Fiction: A Killing on a Bridge (41)
A historical fiction

Saint Sebastian River Bridge
[Click image to call up
all published instalments]
By Roger Owens

Friday,
July 9, 1915,
concluded


The gang converged on the bank at what they thought would be near the end of the business day. They didn’t know about the workers coming in from Fort Basinger and Belle Glade, and as they wheeled into the crushed shell parking lot, the tangle of trucks and cars came as a surprise.
    The line for the teller windows was out the door, and some folks were waiting in their cars, drinking from flasks and trying to get a little relief from the heat.
    Laura had cased the place earlier, without Roy, in case he would be recognized when they made their move; nothing had indicated a crowd would form later in the day.
    They gathered under a red swamp oak that already had several people taking the shade of its massive spread of branches, out by Hooker Highway, not looking a bit out of place with all the other folks, from office workers to grove laborers, white, black and Spanish.
“C’mon, Pa,
it’s hot”
    “What you wanna do, Pa?” Ed asked, and Joe glared at him. He was supposed to talk like a chauffeur when they were working. “C’mon, Pa, it’s hot.” He looked around. No one was paying them any attention. “We could just wait.”
    Joe was shaking his head. “No. By the time all these rednecks and swamp rats cash their chits, there won’t be anything left. That’s why we’re here, for the payroll.

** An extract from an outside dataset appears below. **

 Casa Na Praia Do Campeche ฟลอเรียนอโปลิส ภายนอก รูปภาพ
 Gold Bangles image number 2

God damn it, we should have hit this morning.”
    Hanford Mobley was nodding. “Let’s do it. Fuck the farmers, half of ’em are on our side anyway.”
    He looked at the bank building, a good fifty yards away. “We need the cars up close. Don’t wanna run through a crowd what just figgered out they ain’t getting’ paid today.”

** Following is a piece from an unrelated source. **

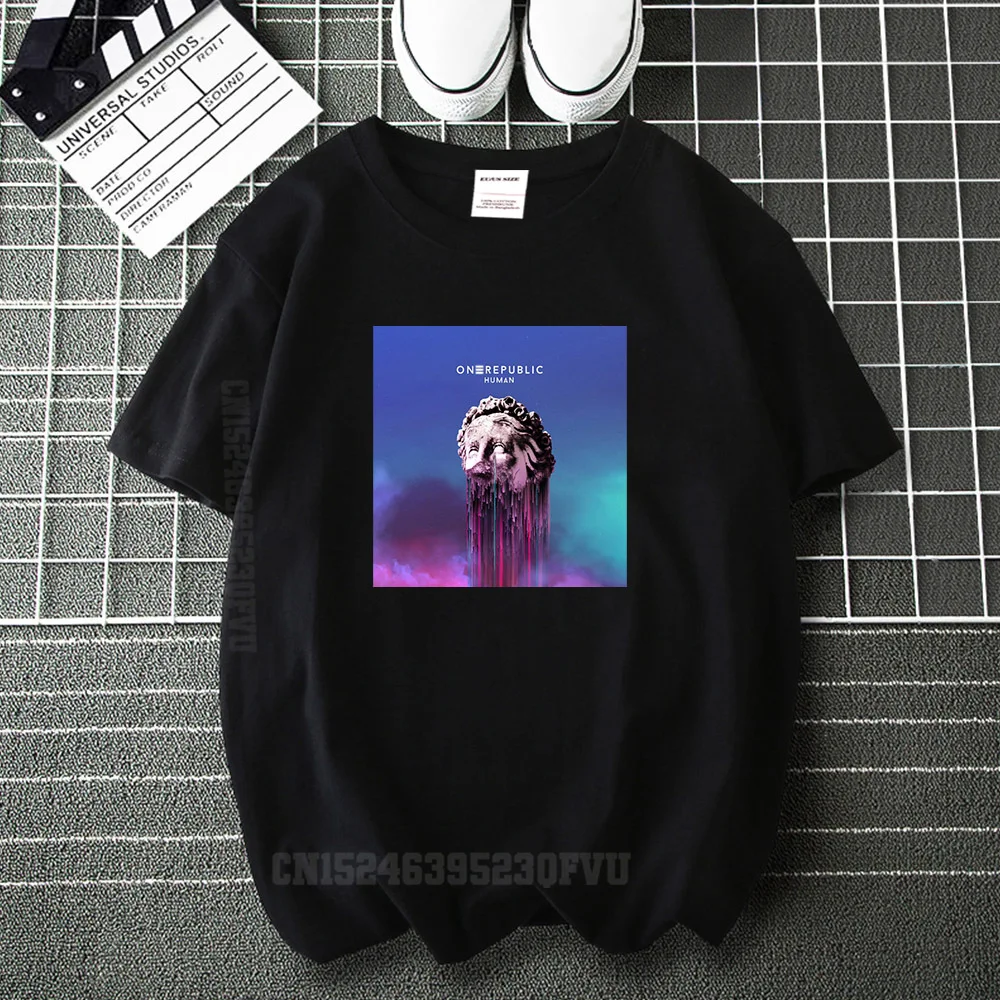 One Republic Human Cotton Tee Shirt Men Woman Music Album Fashion Tshirts Graphic Oversized Camisas Hombre Harajuku Clothes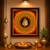 Premium Golden Lord Ganesha Wooden Photo Frame | Spiritual Mandala Wall Decor | Vastu Home & Office Decoration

    They got in the cars and jammed their way to within a few yards of the front doors. Hanford and Laura would stay behind in their respective cars to make a getaway.
    As usual, Joe wouldn’t hear of anybody driving his Peugeot and left it running as he walked towards the doors. He knew Mobley and Laura would discourage any would-be car thieves.
    Ed walked at his side, carrying a satchel as if it were heavy with something, presumably money from the looks of his “employer,” who appeared to be a man of some means. For a guy dressed like that, the crowd of lowly workers moved aside.
    Frank and Tom Middleton went in behind them but, looking like anybody else, they got no consideration whatsoever. Middleton began shoving people out of the way, but big as he was, many of the men in line were just as intimidating, and in no time he was in a wrestling match with an Okeechobee crappie fisherman who wasn’t taking any shit from some white-trash turpentiner.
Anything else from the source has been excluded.